→ Records for the exercise:

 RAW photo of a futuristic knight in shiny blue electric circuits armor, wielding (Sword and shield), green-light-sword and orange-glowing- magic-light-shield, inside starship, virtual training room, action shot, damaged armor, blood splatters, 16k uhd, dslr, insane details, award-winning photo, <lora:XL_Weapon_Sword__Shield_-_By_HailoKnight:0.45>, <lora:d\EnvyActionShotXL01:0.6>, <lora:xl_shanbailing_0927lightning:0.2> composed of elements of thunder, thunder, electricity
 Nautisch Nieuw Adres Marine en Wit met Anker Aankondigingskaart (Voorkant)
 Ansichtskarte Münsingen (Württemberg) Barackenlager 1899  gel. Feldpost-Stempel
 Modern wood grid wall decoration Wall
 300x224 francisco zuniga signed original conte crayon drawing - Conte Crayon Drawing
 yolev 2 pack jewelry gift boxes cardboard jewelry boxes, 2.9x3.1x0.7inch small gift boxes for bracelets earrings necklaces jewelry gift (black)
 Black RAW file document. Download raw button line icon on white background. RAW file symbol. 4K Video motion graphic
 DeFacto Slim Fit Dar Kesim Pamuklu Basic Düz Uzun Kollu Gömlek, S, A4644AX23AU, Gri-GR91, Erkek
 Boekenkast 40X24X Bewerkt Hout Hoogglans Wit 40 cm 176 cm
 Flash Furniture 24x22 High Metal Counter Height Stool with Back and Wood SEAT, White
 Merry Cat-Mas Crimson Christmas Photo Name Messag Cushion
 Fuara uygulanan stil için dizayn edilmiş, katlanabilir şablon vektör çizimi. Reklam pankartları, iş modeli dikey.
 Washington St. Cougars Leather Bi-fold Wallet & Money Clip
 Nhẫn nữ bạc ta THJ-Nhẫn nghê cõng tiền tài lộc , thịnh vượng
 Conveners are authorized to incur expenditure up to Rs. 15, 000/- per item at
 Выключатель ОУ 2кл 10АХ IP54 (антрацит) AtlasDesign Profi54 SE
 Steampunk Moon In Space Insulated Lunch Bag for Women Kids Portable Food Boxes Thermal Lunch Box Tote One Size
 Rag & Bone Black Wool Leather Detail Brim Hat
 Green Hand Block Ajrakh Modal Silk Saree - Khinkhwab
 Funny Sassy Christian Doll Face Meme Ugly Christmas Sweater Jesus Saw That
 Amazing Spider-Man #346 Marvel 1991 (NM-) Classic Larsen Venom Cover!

→ Problem requirements:
Please print, exactly and with nothing else, the lines from the first line of the entries through the line containing "Nautisch Nieuw Adres".

→ Written answer:
 RAW photo of a futuristic knight in shiny blue electric circuits armor, wielding (Sword and shield), green-light-sword and orange-glowing- magic-light-shield, inside starship, virtual training room, action shot, damaged armor, blood splatters, 16k uhd, dslr, insane details, award-winning photo, <lora:XL_Weapon_Sword__Shield_-_By_HailoKnight:0.45>, <lora:d\EnvyActionShotXL01:0.6>, <lora:xl_shanbailing_0927lightning:0.2> composed of elements of thunder, thunder, electricity
 Nautisch Nieuw Adres Marine en Wit met Anker Aankondigingskaart (Voorkant)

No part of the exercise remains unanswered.